As I lay here in the quiet listening to the fan blow and Dan sleep I am filled with so many emotions. I am missing my kids even though I know I will see them in the morning and after school, but then its goodbye and off to our awaited hospital bed. They will be coming up to see me but as the moment draws closer I am clinging to them so protective of them and so scared at the same time. I'm also scared, and nervous more then I ever have in my whole life. I know where I'm going and what will happen once I check in, but then its all a extreme mystery. Will I begin labor right away? Will it last for day(better not!)? How painful will it be? Will I be able to keep my emotions together to focus on the task at hand? But most of all and I mean most, cause they could do anything to me and I would worry a bit but the biggest thing is what my baby girl will be like and how hard will she have to fight to survive when she takes those first breathes? Will she be able to absorb that air that all of us just breathe not realizing it is something she may not be able to absord and take in? Will her kidneys work enough to let her live a somewhat normal life, or will they fail her? Oh the questions and the fears you have going through this, but most of all knowing and having to count the hours down till that moment.

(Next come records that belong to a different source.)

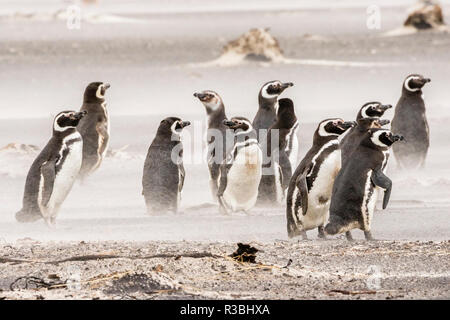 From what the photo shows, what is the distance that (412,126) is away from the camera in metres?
11.1

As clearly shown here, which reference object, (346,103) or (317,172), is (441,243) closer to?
(317,172)

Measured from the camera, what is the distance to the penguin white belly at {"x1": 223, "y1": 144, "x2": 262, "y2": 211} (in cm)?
851

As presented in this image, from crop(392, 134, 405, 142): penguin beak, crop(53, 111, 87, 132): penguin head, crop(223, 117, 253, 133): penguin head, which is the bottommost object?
crop(392, 134, 405, 142): penguin beak

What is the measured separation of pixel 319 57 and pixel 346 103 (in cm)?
480

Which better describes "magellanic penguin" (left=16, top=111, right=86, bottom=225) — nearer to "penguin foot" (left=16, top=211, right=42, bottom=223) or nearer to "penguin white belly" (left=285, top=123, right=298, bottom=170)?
"penguin foot" (left=16, top=211, right=42, bottom=223)

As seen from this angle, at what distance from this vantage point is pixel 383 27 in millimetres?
26891

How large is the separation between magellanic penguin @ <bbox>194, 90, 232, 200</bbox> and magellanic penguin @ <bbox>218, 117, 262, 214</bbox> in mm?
544

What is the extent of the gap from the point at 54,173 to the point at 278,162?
5.40 feet

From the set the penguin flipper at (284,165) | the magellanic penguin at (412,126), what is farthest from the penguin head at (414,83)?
the penguin flipper at (284,165)

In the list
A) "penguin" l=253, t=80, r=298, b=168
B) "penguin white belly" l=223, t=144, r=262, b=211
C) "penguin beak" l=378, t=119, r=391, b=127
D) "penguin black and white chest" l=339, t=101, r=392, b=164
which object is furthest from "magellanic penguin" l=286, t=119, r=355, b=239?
"penguin" l=253, t=80, r=298, b=168

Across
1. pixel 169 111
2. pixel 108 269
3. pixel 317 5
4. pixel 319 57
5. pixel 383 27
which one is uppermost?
pixel 317 5

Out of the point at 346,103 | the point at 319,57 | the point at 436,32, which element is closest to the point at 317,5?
the point at 436,32

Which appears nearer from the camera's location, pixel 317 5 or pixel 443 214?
pixel 443 214

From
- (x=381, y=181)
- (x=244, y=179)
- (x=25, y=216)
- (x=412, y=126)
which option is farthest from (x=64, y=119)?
(x=412, y=126) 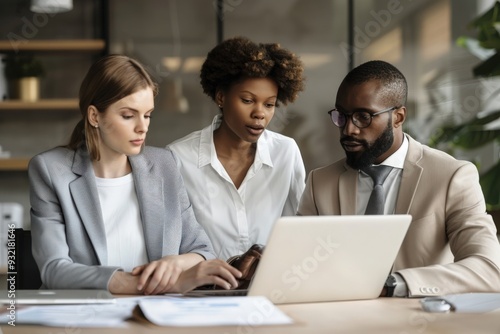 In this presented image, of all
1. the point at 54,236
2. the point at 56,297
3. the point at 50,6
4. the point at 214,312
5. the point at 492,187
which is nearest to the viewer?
the point at 214,312

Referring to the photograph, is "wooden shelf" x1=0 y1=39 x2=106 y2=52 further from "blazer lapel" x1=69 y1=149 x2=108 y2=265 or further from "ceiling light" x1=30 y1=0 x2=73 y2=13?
"blazer lapel" x1=69 y1=149 x2=108 y2=265

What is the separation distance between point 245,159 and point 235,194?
16 centimetres

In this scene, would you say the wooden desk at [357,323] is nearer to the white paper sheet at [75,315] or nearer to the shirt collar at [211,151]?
the white paper sheet at [75,315]

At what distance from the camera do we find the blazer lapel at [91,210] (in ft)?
7.47

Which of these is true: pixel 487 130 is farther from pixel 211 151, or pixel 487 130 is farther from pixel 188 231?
pixel 188 231

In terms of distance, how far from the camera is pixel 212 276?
1.96 metres

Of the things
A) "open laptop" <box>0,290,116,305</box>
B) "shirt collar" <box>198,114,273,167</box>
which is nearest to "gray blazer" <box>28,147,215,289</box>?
"open laptop" <box>0,290,116,305</box>

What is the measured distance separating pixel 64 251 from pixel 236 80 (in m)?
1.14

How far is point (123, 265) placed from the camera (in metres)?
2.38

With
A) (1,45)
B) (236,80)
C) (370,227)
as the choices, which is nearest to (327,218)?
(370,227)

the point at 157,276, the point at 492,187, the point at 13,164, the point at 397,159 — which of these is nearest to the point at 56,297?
the point at 157,276

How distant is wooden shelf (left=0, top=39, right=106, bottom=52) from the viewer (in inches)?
199

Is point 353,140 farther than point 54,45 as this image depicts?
No

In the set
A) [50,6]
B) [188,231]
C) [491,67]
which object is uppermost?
[50,6] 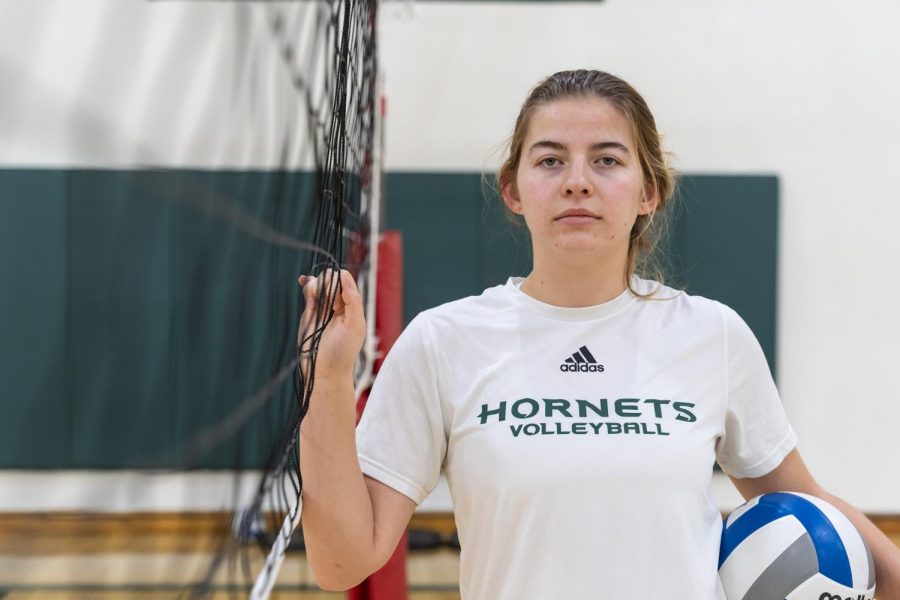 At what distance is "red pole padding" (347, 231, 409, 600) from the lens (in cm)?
197

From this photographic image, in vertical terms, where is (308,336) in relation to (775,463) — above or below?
above

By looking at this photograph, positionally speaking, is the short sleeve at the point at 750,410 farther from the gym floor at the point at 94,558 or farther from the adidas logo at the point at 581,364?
→ the gym floor at the point at 94,558

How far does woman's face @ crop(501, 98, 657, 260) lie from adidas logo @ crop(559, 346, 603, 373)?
0.12 metres

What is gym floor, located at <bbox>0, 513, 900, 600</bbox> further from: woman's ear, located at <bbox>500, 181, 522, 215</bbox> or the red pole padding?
woman's ear, located at <bbox>500, 181, 522, 215</bbox>

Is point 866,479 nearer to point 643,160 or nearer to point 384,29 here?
point 384,29

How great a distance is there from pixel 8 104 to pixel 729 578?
0.94 m

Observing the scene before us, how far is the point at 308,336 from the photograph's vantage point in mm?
940

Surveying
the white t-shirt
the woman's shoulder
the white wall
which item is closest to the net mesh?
the white t-shirt

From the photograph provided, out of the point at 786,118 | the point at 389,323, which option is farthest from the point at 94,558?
the point at 786,118

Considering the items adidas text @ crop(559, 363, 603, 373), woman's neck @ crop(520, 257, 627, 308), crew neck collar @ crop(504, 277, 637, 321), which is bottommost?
adidas text @ crop(559, 363, 603, 373)

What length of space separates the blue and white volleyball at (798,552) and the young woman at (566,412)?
34mm

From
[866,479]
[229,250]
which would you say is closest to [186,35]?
[229,250]

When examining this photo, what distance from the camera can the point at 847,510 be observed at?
1160 millimetres

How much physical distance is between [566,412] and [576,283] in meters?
0.16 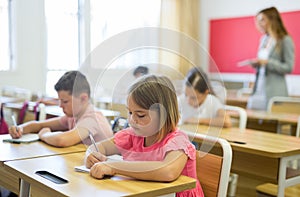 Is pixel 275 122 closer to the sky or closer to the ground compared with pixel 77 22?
closer to the ground

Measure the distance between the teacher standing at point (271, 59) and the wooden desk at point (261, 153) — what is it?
1309 millimetres

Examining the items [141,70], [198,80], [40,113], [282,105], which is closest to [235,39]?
[282,105]

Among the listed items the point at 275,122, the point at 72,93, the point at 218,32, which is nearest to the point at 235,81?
the point at 218,32

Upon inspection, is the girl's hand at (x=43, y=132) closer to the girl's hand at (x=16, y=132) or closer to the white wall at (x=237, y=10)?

Today marked the day of our very last appointment. My amazing sister and Kenzie came by after I dropped the kids off to school to come help pack up their clothes for the time I'm gone and Tristans gecko. Mel being Mel she also cleaned things up for me! Dan took the next two days off before the induction date to be here with me since I'm trying hard to stay together but still failing from time to time. Which as we get closer it seems to happen a lot more on a regular basis. So him, my wonderful Mom, and amazing Dad came to the appointment with me. It is becoming increasingly harder to walk because of the pressure so they got quite a kick out of my MAJOR waddle back to the exam room.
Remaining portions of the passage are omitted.